Abstract The discovery of protoplanets and circumplanetary disks provides a unique opportunity to characterize planet formation through observations. Massive protoplanets shape the physical and ...chemical structure of their host circumstellar disk by accretion, localized emission, and disk depletion. In this work, we study the thermal changes induced within the disk by protoplanet accretion and synthetic predictions through hydrodynamical simulations with postprocessed radiative transfer with an emphasis on radio millimeter emission.

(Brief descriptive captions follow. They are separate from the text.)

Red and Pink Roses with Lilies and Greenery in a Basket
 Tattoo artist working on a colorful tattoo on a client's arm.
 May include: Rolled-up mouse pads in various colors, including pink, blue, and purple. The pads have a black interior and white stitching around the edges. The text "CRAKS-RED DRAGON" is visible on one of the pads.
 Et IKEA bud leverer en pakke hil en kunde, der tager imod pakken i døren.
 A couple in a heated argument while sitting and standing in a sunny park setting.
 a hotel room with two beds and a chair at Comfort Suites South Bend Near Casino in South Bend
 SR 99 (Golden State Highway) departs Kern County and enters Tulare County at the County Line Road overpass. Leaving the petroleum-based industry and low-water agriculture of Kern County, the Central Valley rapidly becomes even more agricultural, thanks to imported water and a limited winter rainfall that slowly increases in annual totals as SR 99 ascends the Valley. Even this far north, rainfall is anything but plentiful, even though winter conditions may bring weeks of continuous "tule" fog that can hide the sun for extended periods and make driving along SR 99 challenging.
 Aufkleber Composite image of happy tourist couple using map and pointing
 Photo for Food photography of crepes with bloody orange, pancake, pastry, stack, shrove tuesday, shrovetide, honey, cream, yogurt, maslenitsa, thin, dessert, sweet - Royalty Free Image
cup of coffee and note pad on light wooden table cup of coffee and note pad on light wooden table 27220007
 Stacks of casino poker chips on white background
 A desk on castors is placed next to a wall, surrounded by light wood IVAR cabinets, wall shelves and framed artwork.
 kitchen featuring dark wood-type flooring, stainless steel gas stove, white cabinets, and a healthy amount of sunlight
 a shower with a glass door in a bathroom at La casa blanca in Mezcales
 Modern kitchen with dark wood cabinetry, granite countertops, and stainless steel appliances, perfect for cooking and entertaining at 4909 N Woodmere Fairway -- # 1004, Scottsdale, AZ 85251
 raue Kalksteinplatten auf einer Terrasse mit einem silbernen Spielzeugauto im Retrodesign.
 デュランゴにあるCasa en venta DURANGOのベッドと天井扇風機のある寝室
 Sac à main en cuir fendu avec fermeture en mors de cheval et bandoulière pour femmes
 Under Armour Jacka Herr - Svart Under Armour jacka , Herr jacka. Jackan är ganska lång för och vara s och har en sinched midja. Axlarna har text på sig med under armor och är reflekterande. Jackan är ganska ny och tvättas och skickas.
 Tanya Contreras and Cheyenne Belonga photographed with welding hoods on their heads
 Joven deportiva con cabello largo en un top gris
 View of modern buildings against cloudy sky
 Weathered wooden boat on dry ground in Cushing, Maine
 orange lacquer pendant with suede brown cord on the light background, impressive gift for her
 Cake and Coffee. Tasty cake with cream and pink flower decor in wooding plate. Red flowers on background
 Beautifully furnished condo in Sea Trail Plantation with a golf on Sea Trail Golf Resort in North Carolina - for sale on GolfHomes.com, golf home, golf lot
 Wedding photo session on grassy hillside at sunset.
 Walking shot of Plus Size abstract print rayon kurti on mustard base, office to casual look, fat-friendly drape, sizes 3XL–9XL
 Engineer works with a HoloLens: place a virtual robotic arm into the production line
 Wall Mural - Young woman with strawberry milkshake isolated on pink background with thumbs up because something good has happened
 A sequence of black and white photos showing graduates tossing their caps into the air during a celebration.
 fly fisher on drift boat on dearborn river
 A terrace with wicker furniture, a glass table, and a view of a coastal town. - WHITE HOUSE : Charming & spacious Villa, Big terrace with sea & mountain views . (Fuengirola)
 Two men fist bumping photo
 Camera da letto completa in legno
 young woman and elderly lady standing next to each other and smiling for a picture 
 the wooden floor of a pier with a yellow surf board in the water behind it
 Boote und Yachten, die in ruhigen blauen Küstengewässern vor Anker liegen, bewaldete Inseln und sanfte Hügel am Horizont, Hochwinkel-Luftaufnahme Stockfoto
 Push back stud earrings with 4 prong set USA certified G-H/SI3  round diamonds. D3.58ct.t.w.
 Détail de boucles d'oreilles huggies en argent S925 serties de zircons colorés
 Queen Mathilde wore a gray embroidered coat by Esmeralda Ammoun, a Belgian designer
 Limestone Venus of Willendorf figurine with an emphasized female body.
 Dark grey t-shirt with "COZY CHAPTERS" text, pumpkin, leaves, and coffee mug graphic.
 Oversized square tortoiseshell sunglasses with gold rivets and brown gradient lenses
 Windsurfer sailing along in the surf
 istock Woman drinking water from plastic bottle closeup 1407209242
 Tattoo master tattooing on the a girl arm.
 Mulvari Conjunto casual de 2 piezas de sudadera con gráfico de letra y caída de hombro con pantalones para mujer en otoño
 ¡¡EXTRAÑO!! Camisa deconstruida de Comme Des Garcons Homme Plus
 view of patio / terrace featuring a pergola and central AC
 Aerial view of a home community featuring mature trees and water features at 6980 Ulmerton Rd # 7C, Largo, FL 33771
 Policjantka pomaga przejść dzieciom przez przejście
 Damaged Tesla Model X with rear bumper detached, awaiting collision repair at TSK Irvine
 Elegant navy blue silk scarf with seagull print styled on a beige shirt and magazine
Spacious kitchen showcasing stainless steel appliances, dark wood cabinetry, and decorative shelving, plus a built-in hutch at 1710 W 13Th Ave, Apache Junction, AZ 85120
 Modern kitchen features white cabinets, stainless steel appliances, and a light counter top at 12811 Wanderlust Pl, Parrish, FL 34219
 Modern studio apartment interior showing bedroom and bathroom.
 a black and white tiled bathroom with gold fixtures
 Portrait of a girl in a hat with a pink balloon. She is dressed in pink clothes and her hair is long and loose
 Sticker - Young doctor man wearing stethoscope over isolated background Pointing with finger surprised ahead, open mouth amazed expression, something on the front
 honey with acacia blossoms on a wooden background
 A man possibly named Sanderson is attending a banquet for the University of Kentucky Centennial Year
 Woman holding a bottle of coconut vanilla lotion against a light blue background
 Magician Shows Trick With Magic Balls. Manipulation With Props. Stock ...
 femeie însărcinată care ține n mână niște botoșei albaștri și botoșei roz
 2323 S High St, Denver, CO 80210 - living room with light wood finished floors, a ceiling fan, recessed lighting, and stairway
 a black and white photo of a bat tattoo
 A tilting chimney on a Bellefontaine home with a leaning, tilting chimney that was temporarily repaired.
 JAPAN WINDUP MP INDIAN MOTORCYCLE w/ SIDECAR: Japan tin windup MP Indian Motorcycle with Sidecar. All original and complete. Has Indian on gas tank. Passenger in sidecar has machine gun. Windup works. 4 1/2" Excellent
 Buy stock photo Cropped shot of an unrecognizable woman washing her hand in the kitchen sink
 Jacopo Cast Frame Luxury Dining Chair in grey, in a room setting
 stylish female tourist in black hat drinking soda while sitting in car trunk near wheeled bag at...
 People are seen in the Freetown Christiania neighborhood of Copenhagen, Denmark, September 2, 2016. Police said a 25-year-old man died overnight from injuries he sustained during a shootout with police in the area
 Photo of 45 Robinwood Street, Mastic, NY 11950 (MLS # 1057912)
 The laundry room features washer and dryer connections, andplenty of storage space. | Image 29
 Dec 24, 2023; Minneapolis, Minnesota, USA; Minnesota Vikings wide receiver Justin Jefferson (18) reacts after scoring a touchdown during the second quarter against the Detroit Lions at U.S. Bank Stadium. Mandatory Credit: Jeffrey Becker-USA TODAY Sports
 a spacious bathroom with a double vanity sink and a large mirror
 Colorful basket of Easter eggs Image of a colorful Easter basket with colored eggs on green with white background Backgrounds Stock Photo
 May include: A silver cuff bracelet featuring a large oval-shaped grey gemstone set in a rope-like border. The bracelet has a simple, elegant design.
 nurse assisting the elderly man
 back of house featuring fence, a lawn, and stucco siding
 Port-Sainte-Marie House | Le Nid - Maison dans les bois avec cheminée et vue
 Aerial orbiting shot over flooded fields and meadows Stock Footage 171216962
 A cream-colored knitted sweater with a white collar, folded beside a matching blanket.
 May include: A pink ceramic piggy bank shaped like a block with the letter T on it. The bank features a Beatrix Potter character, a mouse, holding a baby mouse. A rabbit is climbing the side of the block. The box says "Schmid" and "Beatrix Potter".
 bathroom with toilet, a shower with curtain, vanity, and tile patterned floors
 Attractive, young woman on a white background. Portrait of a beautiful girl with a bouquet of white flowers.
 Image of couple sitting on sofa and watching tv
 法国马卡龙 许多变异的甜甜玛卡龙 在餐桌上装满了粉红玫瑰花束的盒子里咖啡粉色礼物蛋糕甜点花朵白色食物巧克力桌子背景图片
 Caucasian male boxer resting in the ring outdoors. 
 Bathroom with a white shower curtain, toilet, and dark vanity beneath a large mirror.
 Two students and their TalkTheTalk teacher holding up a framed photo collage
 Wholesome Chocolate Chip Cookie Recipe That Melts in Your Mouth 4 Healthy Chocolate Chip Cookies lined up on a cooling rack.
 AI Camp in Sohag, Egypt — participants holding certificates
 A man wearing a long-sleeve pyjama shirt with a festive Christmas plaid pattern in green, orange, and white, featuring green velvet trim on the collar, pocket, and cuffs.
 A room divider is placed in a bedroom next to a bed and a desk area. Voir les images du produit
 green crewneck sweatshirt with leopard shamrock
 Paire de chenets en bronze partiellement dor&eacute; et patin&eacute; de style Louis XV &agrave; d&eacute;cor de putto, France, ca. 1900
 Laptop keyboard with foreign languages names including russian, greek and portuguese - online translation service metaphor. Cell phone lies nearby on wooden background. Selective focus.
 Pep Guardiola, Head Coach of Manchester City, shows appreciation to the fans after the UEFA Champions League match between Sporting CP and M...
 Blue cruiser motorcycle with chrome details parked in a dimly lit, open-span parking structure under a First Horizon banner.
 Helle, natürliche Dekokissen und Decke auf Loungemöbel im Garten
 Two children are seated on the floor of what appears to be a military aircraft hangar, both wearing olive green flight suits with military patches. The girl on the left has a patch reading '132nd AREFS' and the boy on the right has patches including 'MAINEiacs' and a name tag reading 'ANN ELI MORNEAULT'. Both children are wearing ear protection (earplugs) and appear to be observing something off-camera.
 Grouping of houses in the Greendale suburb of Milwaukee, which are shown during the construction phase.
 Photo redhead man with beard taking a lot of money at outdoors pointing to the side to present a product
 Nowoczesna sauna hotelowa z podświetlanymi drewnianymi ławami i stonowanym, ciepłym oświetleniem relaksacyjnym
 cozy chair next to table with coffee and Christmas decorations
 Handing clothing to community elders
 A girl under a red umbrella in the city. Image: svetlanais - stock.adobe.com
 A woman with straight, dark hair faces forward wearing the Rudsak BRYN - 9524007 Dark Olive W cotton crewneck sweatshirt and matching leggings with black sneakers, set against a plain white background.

We explored distinct growth conditions and varied both planetary accretion rates and the local dust-to-gas mass ratios for a protoplanet at 1200 K. The radiative transfer models show that beyond the effect of disk gaps, in most cases, the circumplanetary disk (CPD) and the planet’s emission locally increase the disk temperature. Moreover, depending on the local dust-to-gas depletion and accretion rate, the presence of the CPD may have detectable signatures in millimeter emission. It also has the power to generate azimuthal asymmetries that are important for continuum subtraction. Thus, if other means of detection of protoplanets are proven, the lack of corresponding evidence at other wavelengths can set limits on their growth timescales through a combined analysis of the local dust-to-gas ratio and the accretion rate.